Eat the whole egg — the choline is almost entirely in the yolk, not the white
Add salmon to your weekly routine — it also delivers omega-3s that may help choline reach the brain
Don’t skip meat entirely — beef, chicken, and liver are among the richest choline sources
Include soybeans or edamame — one of the best plant-based choline sources
Talk to your doctor before supplementing — choline supplements exist, but dosage matters and excess carries risks including a fishy body odor and, in large amounts, potential cardiovascular effects
Check your multivitamin — many do not contain choline, even though it’s classified as an essential nutrient

Why This Research Matters Beyond the Headlines

The significance of this study extends beyond choline specifically. What it represents is a growing body of evidence that mental health conditions have measurable, biological underpinnings — and that some of those underpinnings may be influenced by factors as accessible as diet and nutrition.

For decades, the dominant treatment model for anxiety disorders has centered on therapy (particularly cognitive behavioral therapy) and medication (particularly SSRIs and benzodiazepines). Both are genuinely effective for many people — but neither works for everyone, and access to qualified mental health care remains a significant barrier for millions of Americans.

If future research confirms that nutritional interventions can meaningfully support brain chemistry in people with anxiety, it could open an accessible, low-cost complementary approach that works alongside — not instead of — existing treatments. That’s a possibility worth taking seriously, even if it requires more clinical trials before becoming a formal recommendation.

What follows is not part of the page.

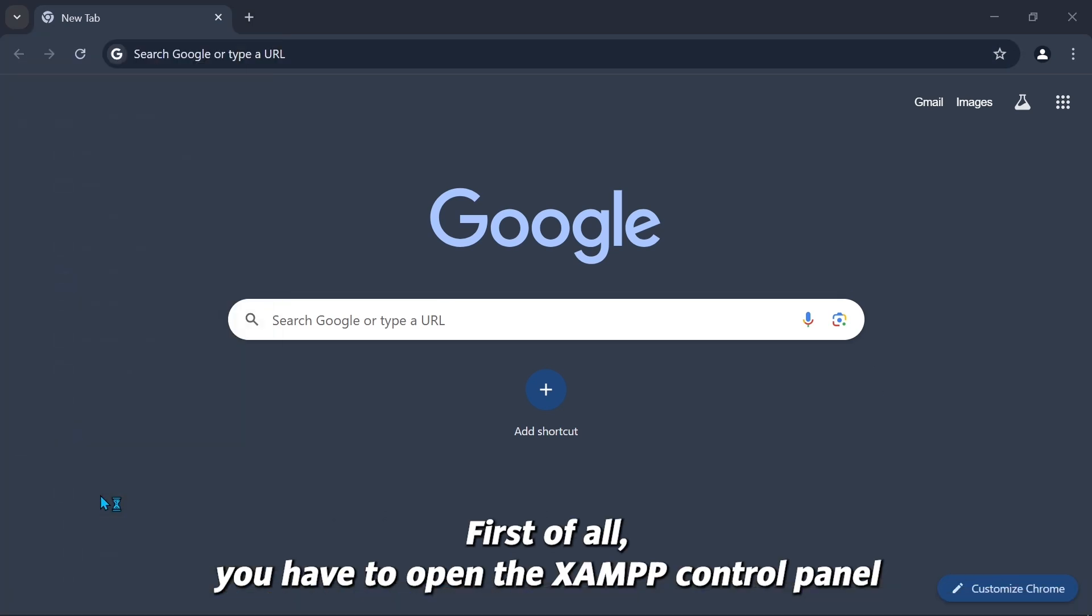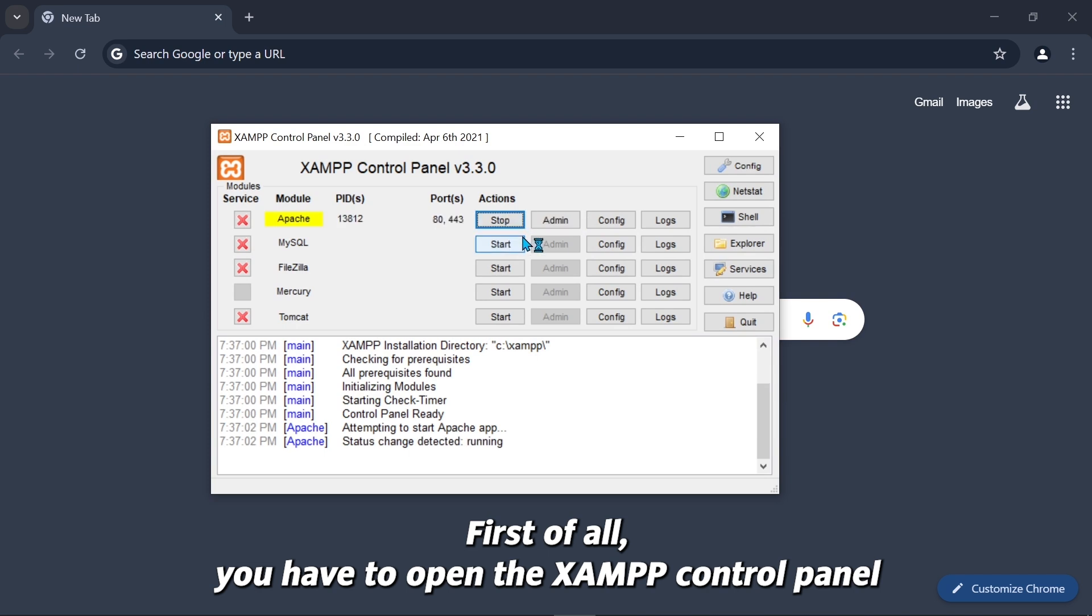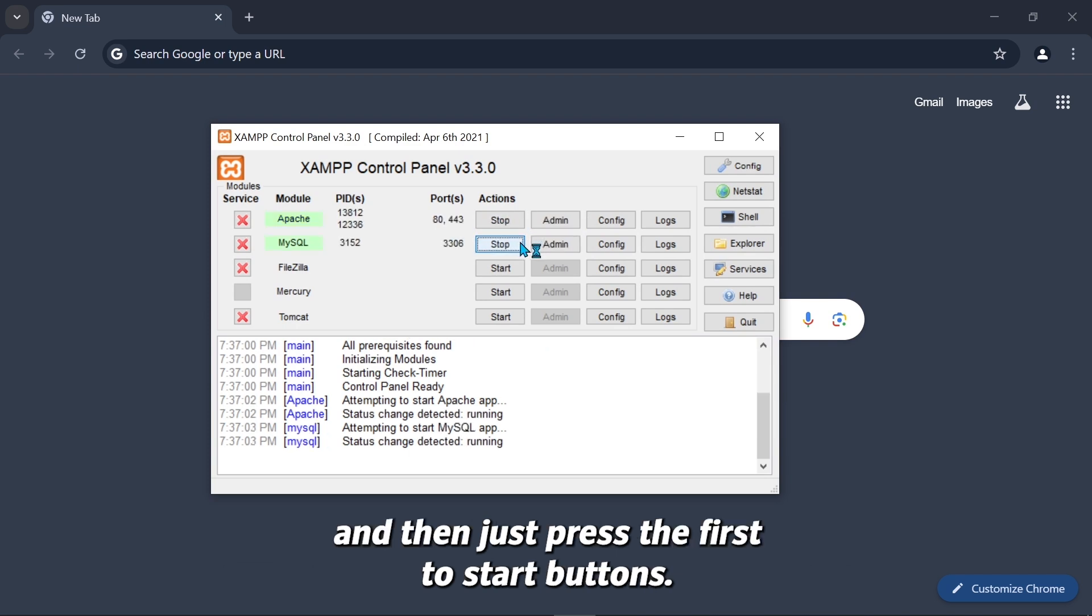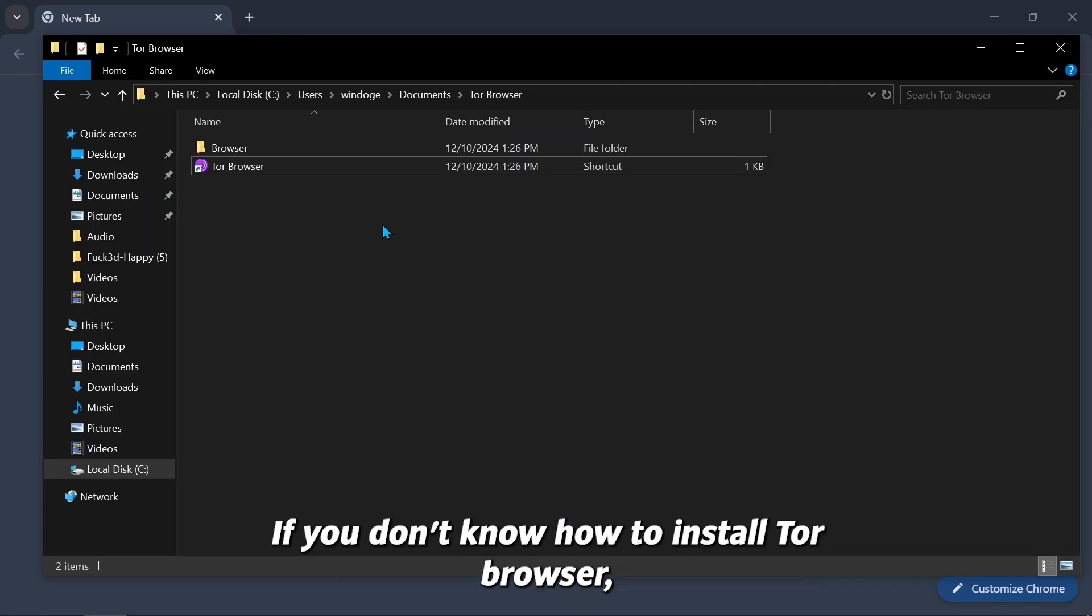First of all, you have to open the XAMPP control panel and then just press the first two start buttons. After that, come to your Tor Browser folder.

For now, the message is measured but meaningful: your brain depends on nutrients to function, choline is one of the most important and most overlooked of those nutrients, and there may be a real connection between getting enough of it and how your brain handles anxiety. That’s not a cure — but it is a clue worth paying attention to.

Medical Disclaimer: This article reports on published scientific research and is for informational purposes only. It does not constitute medical advice. Anxiety disorders are serious medical conditions that require professional evaluation and treatment. If you are experiencing anxiety symptoms, please speak with a qualified healthcare provider. Do not begin any supplementation program without medical guidance — excess choline carries health risks.